## [INPUT RECORDS]
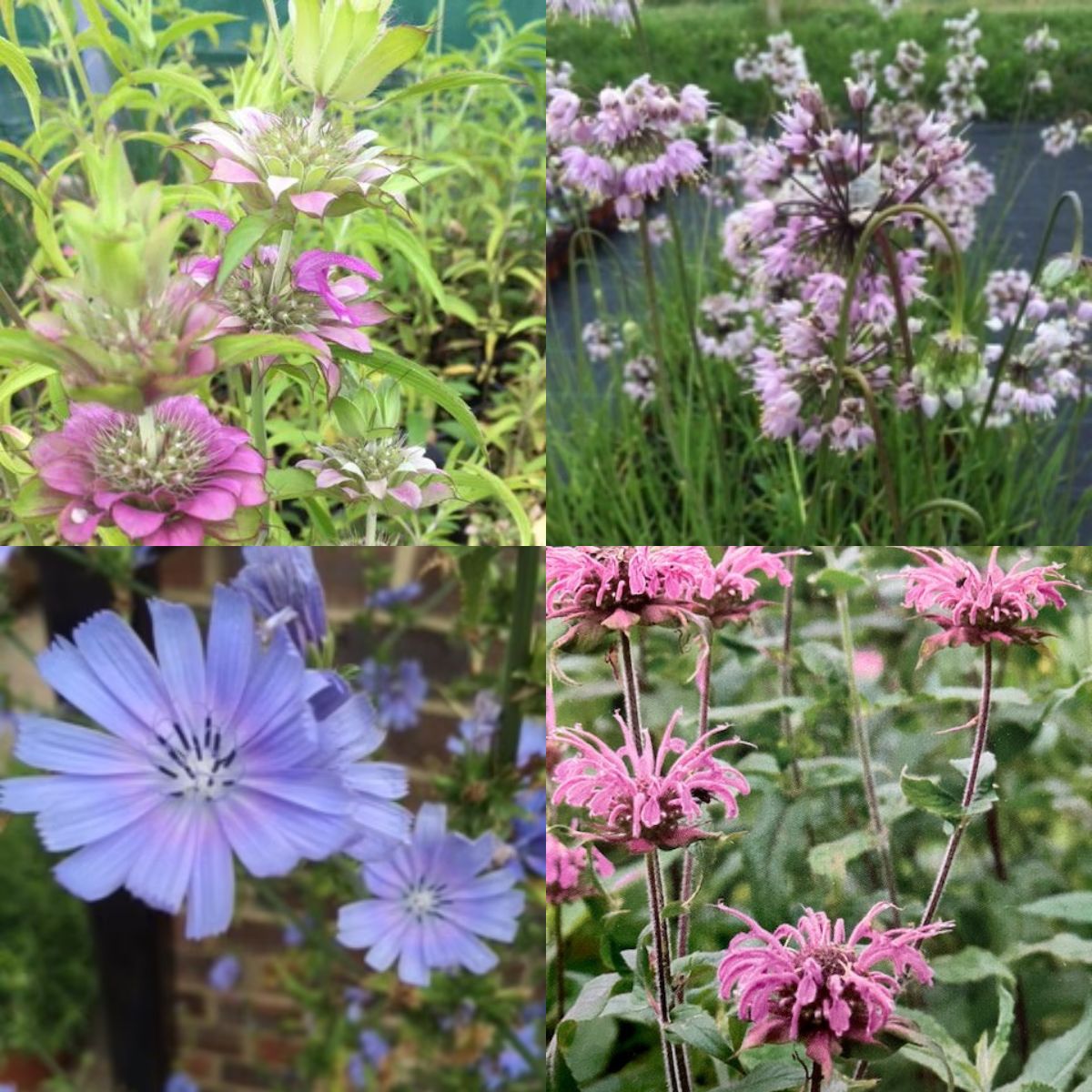 culinaryherbco's tweet photo. Have you tried edible flowers yet? They make brilliant decorations for drinks or accompaniments to salads! #Gardening #Herbs #CulinaryHerbs https://t.co/djaI6voTNR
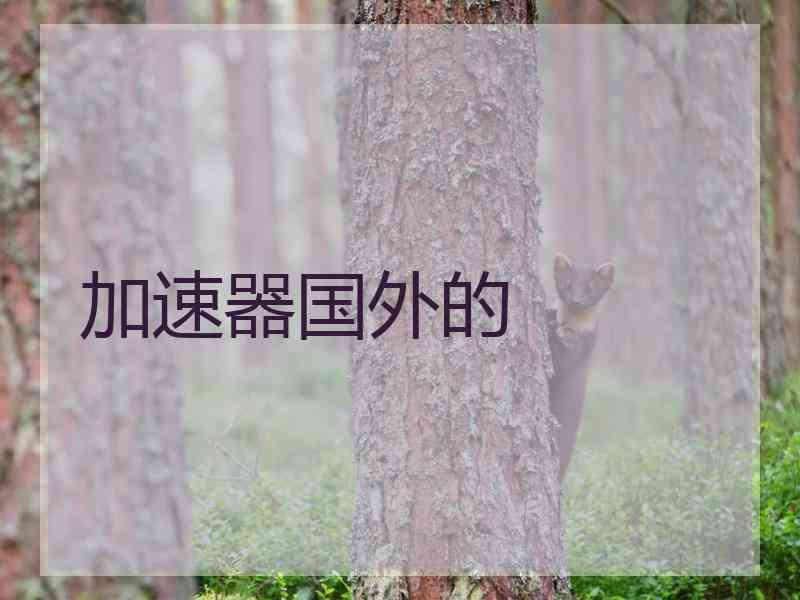 加速器国外的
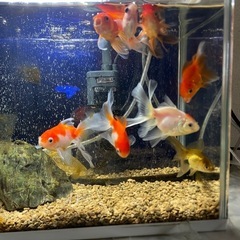 金魚　オランダ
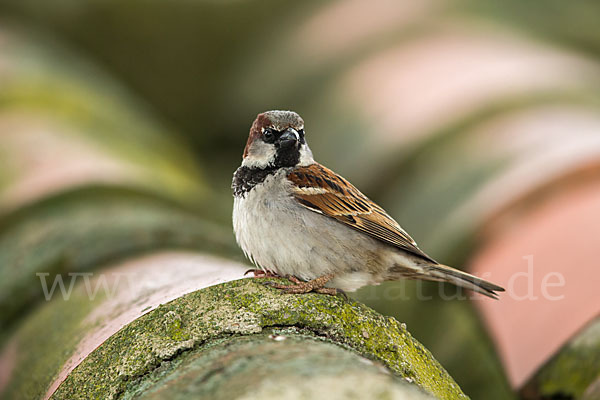 Haussperling (Passer domesticus)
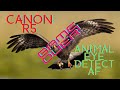 Canon R5 Animal Eye Detect with Tracking = Paradigm Shift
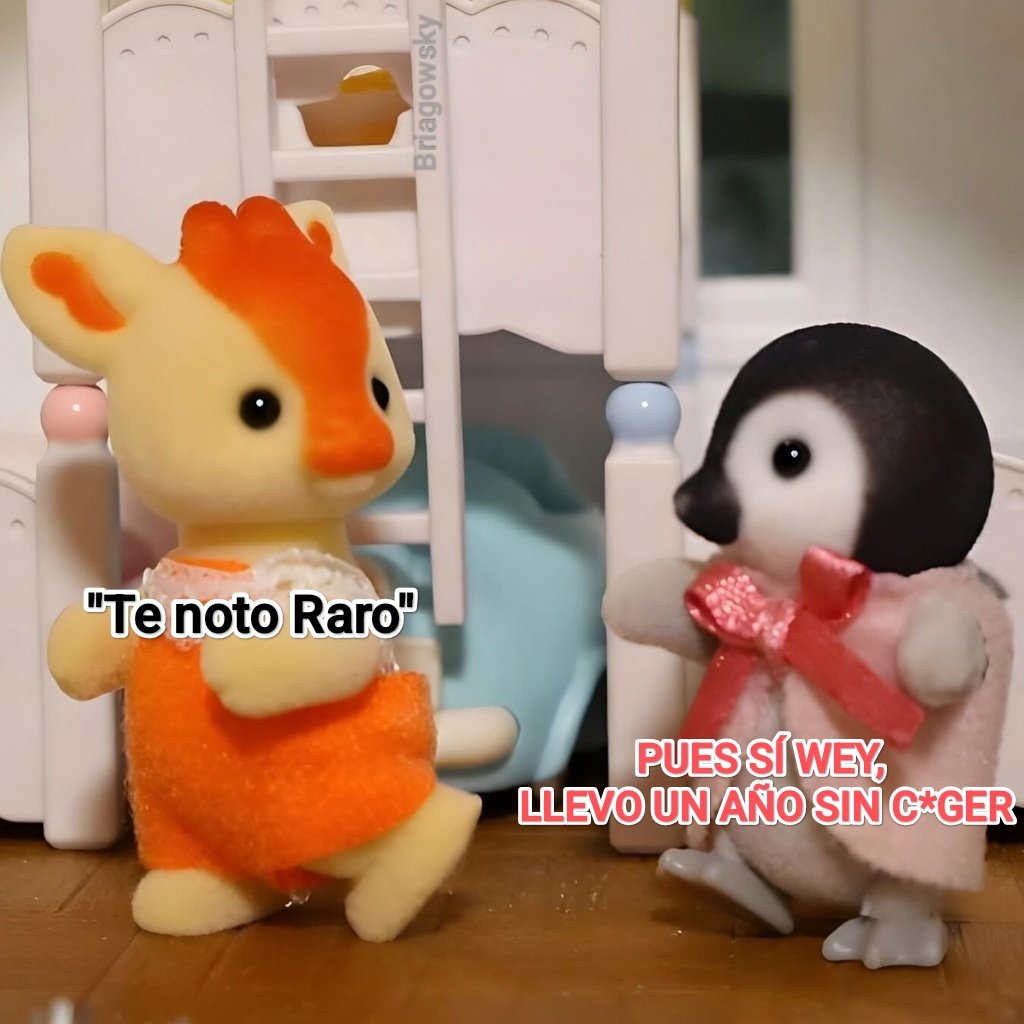 Cap Briagowsky tweet media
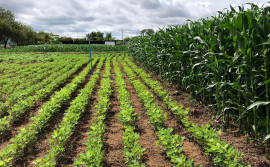 Expositores preparam vitrines tecnológicas de sementes de grãos e fórmulas de fertilizantes para Agrotins 2023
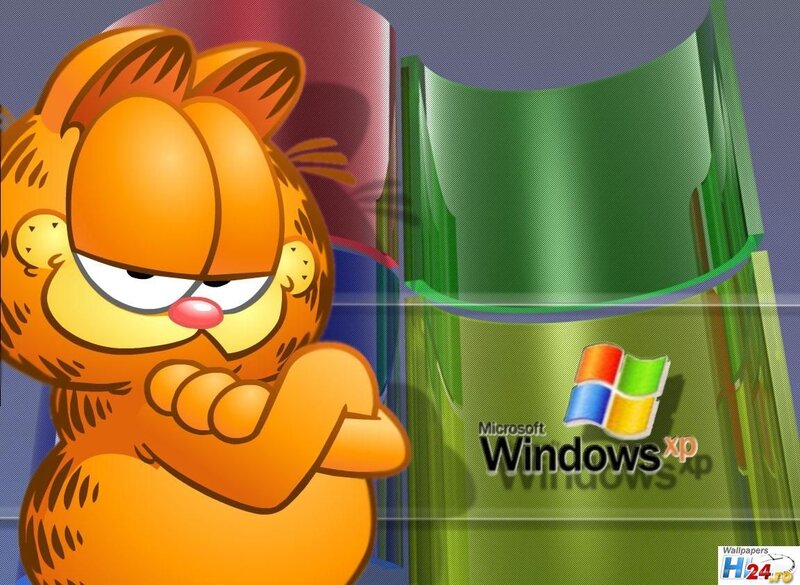 Garfield Cartoon Character — Orange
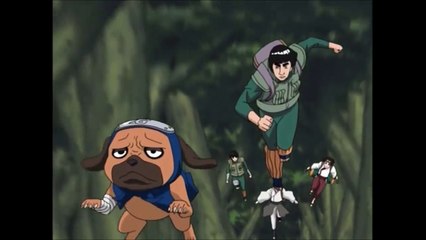 Guy hits a tree branch - Naruto Shippuuden Funny Moment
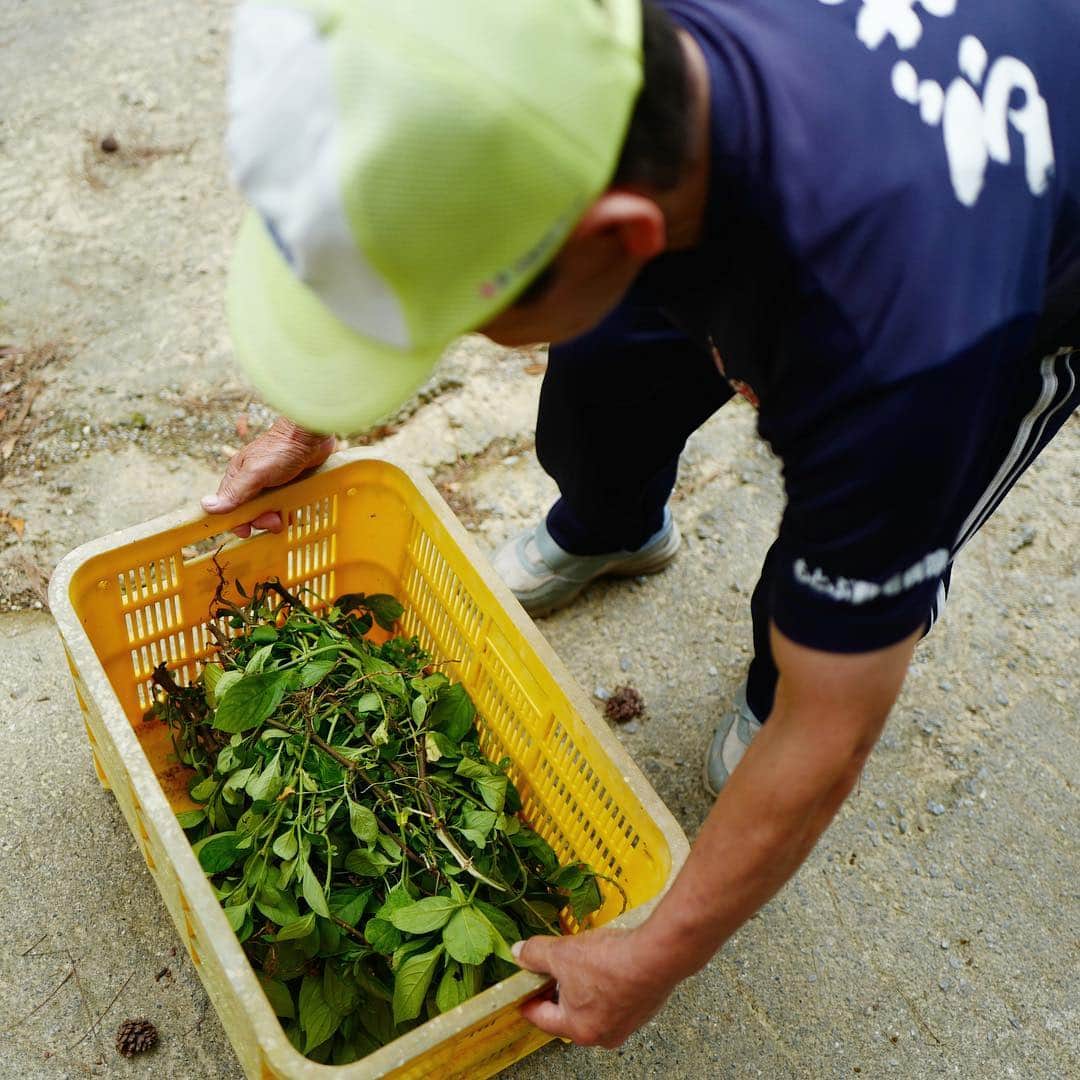 行方 久子 Hisako Namekataのグルメインスタ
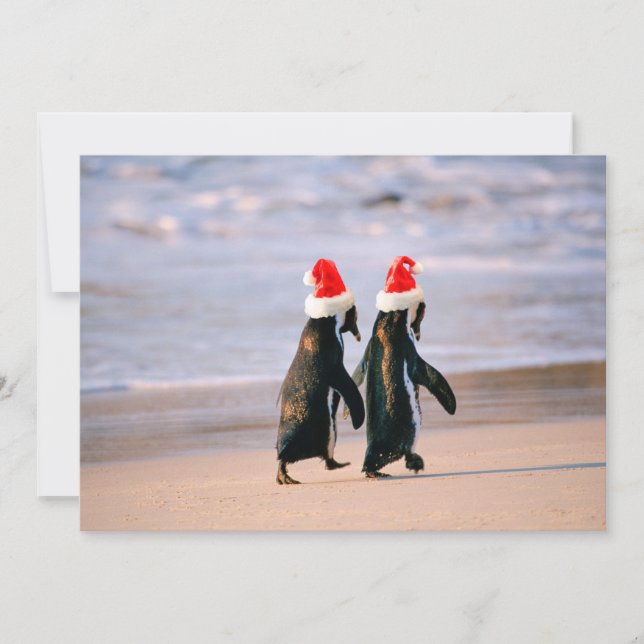 Pinguine in Weihnachtsmannmützen am Strand Feiertagskarte (Vorderseite)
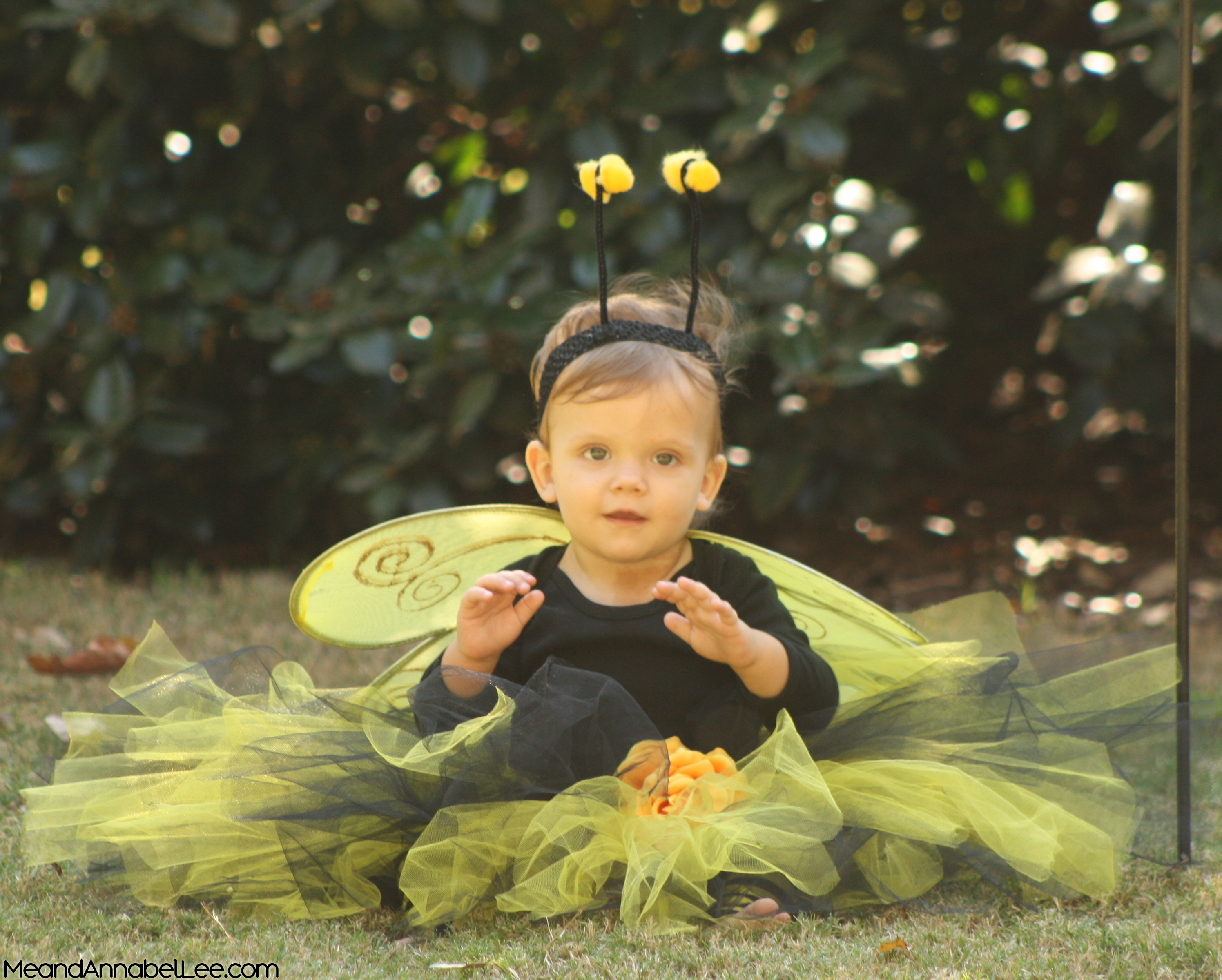 DIY Bumble Bee Costume & Beehive- www.MeandAnnabelLee.com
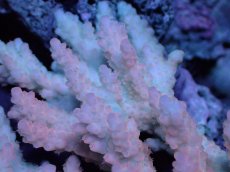 画像2: 【サンゴまとめ買い割引き10％〜20%OFF対象商品】【サンゴ】【通販】Wildミドリイシsp. (美カラー）（個体販売）（±13ｘ10cm)No.21（生体）（サンゴ） (2)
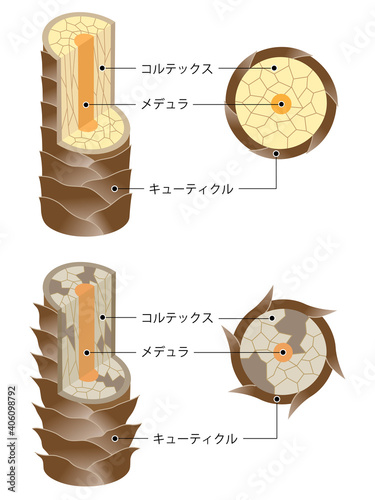 髪のしくみ　健康な髪と傷んだ髪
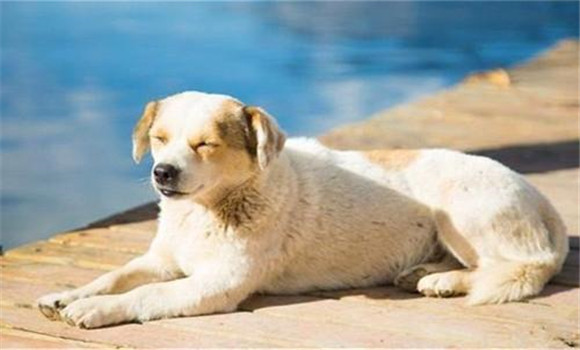 怎樣養(yǎng)好老齡犬，養(yǎng)殖老齡犬應(yīng)注意哪些問題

## [TASK STATEMENT]
Please return exactly, and only, the lines from the one containing "Guy hits a tree" through the end of the records, with both end lines kept and every picture dropped.

## [RESPONSE FOR THIS EXERCISE]
 Guy hits a tree branch - Naruto Shippuuden Funny Moment
 行方 久子 Hisako Namekataのグルメインスタ
 Pinguine in Weihnachtsmannmützen am Strand Feiertagskarte (Vorderseite)
 DIY Bumble Bee Costume & Beehive- www.MeandAnnabelLee.com
 画像2: 【サンゴまとめ買い割引き10％〜20%OFF対象商品】【サンゴ】【通販】Wildミドリイシsp. (美カラー）（個体販売）（±13ｘ10cm)No.21（生体）（サンゴ） (2)
 髪のしくみ　健康な髪と傷んだ髪
 怎樣養(yǎng)好老齡犬，養(yǎng)殖老齡犬應(yīng)注意哪些問題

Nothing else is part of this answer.